Thursday 9 April 2009

A law unto themselves

Once again the police have blood on their hands and a cover-up is already well under way. That’s the only conclusion you can draw from the video of the gratuitous police attack on bystander Ian Tomlinson during last week’s G20 protests in the City of London, soon after which he collapsed and died. The police had the area covered from every angle by CCTV and by their own photographers and must have known what happened. Yet the first official statement said that Tomlinson just happened to be found in a side street and that the Met’s brave police were attacked when they went to his assistance!

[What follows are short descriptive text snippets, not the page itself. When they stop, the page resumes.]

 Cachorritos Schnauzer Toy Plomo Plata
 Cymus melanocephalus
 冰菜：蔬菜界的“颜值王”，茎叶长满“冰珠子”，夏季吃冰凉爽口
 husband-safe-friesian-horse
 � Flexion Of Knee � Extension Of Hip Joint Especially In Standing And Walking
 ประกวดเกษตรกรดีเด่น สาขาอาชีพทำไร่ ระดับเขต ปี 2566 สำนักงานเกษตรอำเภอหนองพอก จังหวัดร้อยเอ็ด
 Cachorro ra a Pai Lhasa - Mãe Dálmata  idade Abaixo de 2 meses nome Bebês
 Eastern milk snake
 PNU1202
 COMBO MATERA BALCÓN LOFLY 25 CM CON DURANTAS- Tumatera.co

Sounds familiar? Jean Charles de Menezes, you will recall, was alleged to have leapt over a Tube ticket barrier and was wearing a bulky jacket, clearly trying to evade the police. None of this, naturally enough, turned out to be true. Yet no one was prosecuted for the execution of the Brazilian electrician while he sat reading his newspaper. And you can bet that the same will apply in the case of Tomlinson.

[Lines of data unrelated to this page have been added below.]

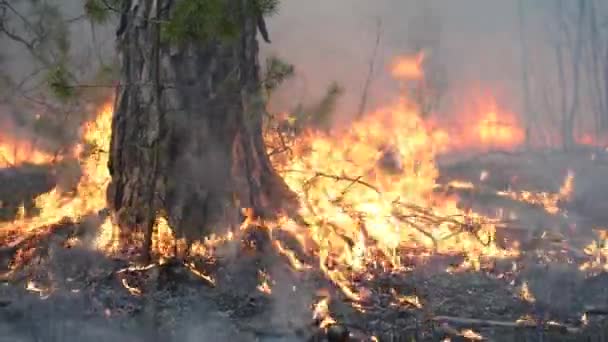 Feu de forêt dans un peuplement de pins — Video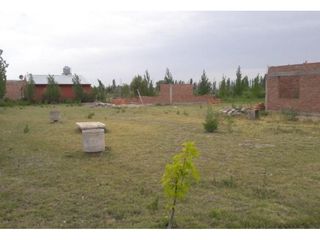 Foto 7 de Terreno 2.000 Metros En Venta San Rafael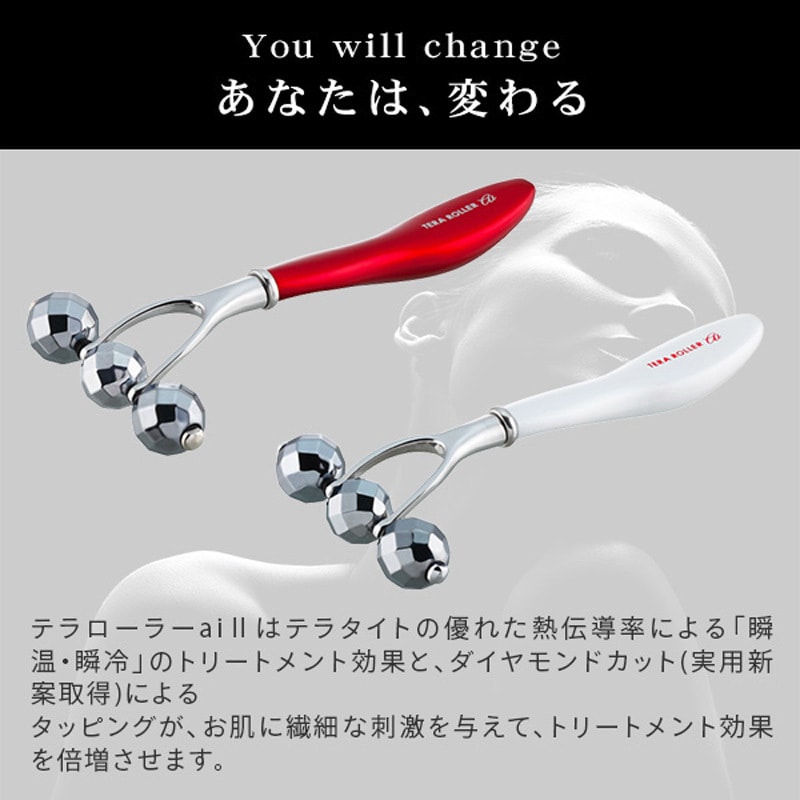 テラローラーai II スプレンダーISO 美顔器/フェイススチーマー 【通販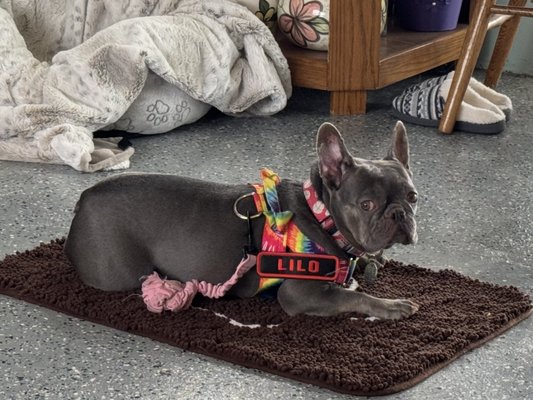 Manners For Your Mutts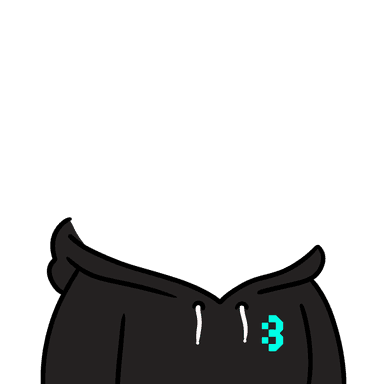 Hoodie Black Bitlock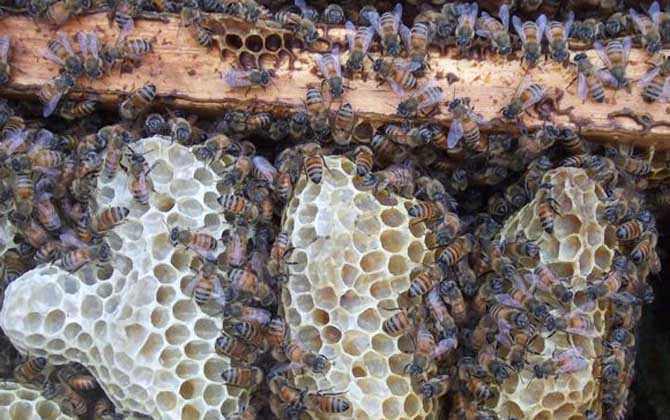 中华蜜蜂饲料及饲喂方法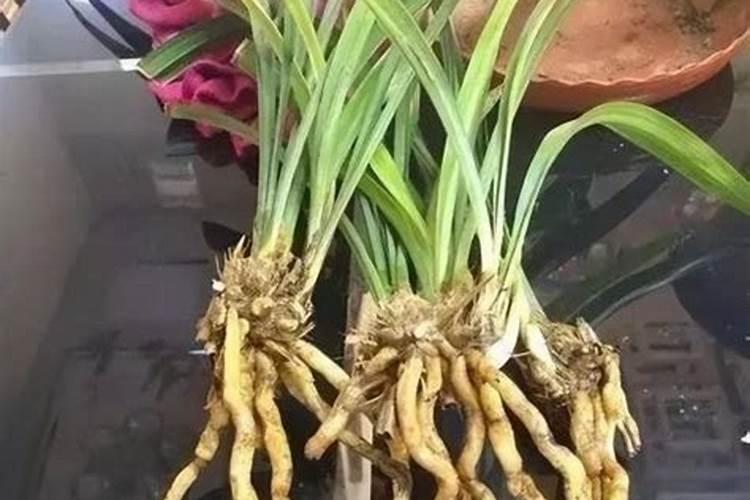 刚买来的兰花必须要马上换土吗？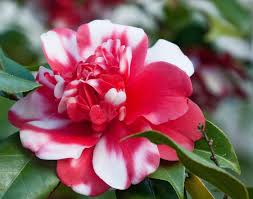 Camellia Japonica Governor Mouton Double Pink Red And White Variegated Bloom Hardy Camellia Camellia Camellia Plant White Camellia
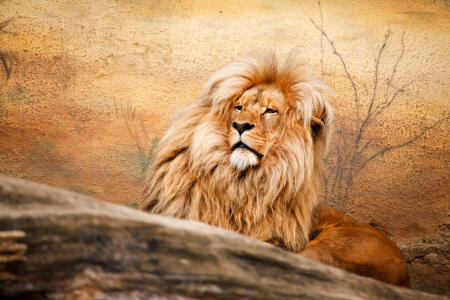 Male lion relaxing photo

Why? Because the police are always only “doing their duty” in “difficult circumstances”. And what is this higher “duty” that allows them to behave with impunity and do things that ordinary citizens would end up in jail for? The duty in question conferred on the police by the state is to protect the status quo of capitalist society by whatever means are necessary, lawful and otherwise.
The first professional police force in the world was set up first in London in the 1830s and then throughout the rest of the country at a time of major social and political unrest. Workers had demanded and been refused the vote, trade unionists were deported from Dorset for illegally combining and riots were breaking out against the introduction of the workhouse for the unemployed.

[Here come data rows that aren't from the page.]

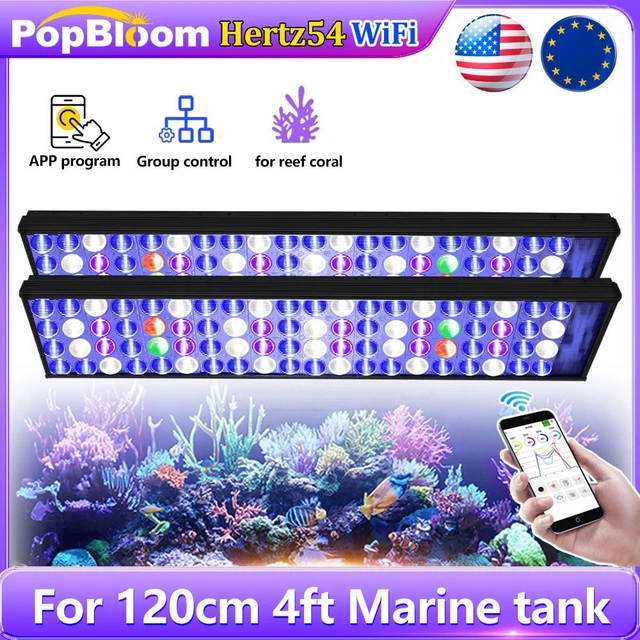 Réservoir à Poissons à Pince pour Aquarium LED Réservoir à Poissons Réservoir à Poissons à Pince pour Aquarium LED Réservoir à Poissons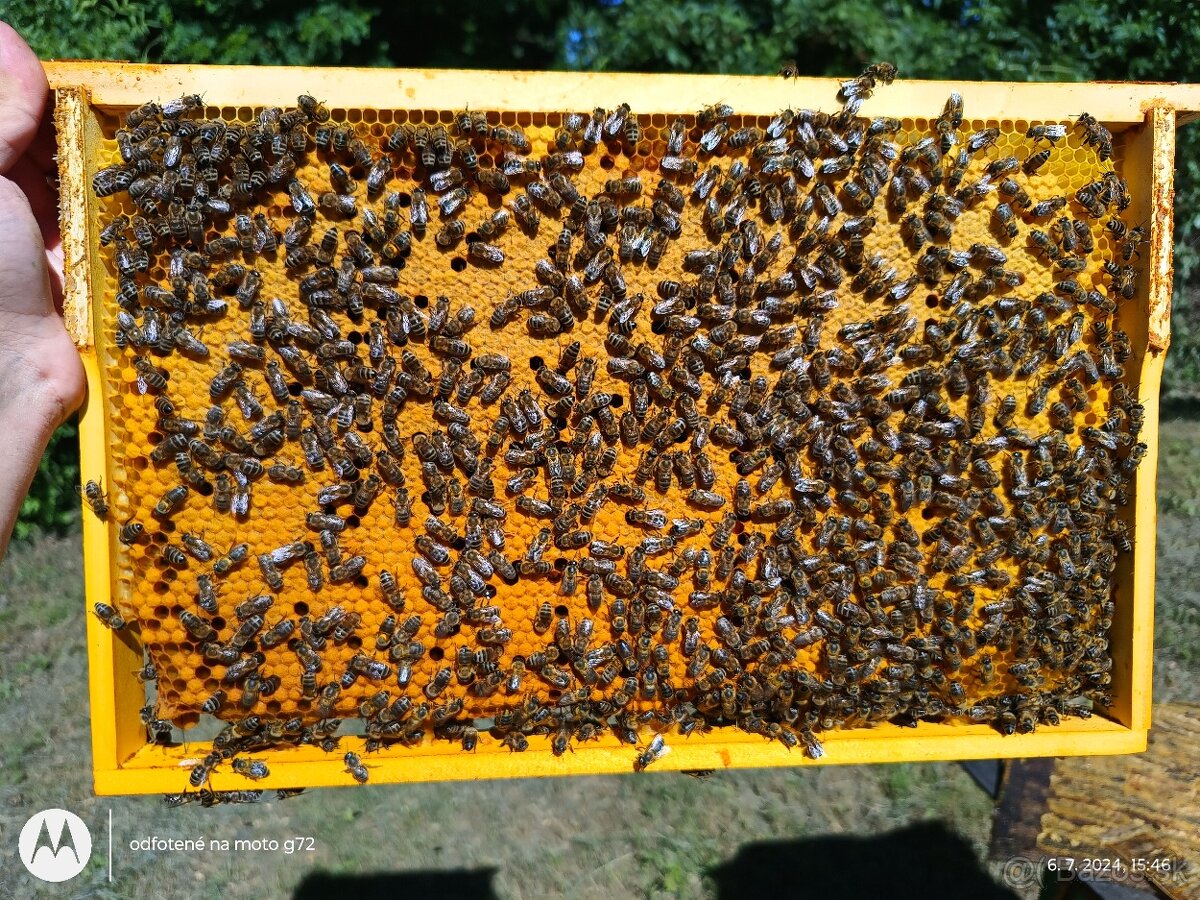Predám včely - 2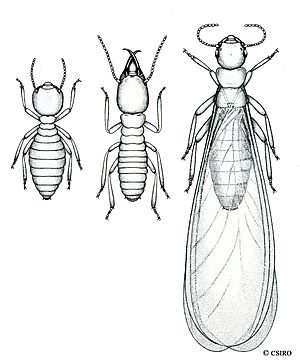 CSIRO ScienceImage 499 Coptotermes acinaciformis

The Royal Commission on the Police 1839 reported that the creation of a force throughout the country was a way in which “the constitutional authority of the supreme executive is thus emphatically asserted”. What the commission was talking about was the authority of the state as a whole in relation to maintaining and developing capitalism in terms of private property, as our book Unmasking the State – a rough guide to real democracy elaborates in more detail.
And that’s how the boys in blue have behaved ever since, with the notable exception of the London police strike after World War One when demands for an independent union were ruthlessly crushed. The high command of the state in the shape of senior officers sets the tone with wild statements about a “summer of rage” on the streets and then the unthinking plods are sent into action to do their worst, which they gleefully do. That’s what happened at the Climate Camp in Kent last year and is routine for just about any protest or action that is not some orderly march from point A to point B.
As the economic slump develops, more and more people will act to defend their jobs and their livelihoods. The police are being prepared for this by the sinister and secret Association of Chief Police Officers (ACPO). This is the organisation that did the Thatcher’s government’s bidding during the miners’ strike, which began 25 years ago. In the course of that dispute, a total of 11,000 miners were arrested, 7,000 injured, eleven people died, and 1,000 men were sacked. More than 100 were jailed.
The present capitalist state is clearly an alienating power that is undemocratic and more or less the plaything of the corporations and banks. The police, together with the army and the spy agencies, are this state’s enforcers and nothing will change their historic role. This should add to the urgency of developing a strategy for creating a new kind of political democracy. This would be founded on co-ownership and control of resources and require the replacement of institutions like the police with new forms of community control.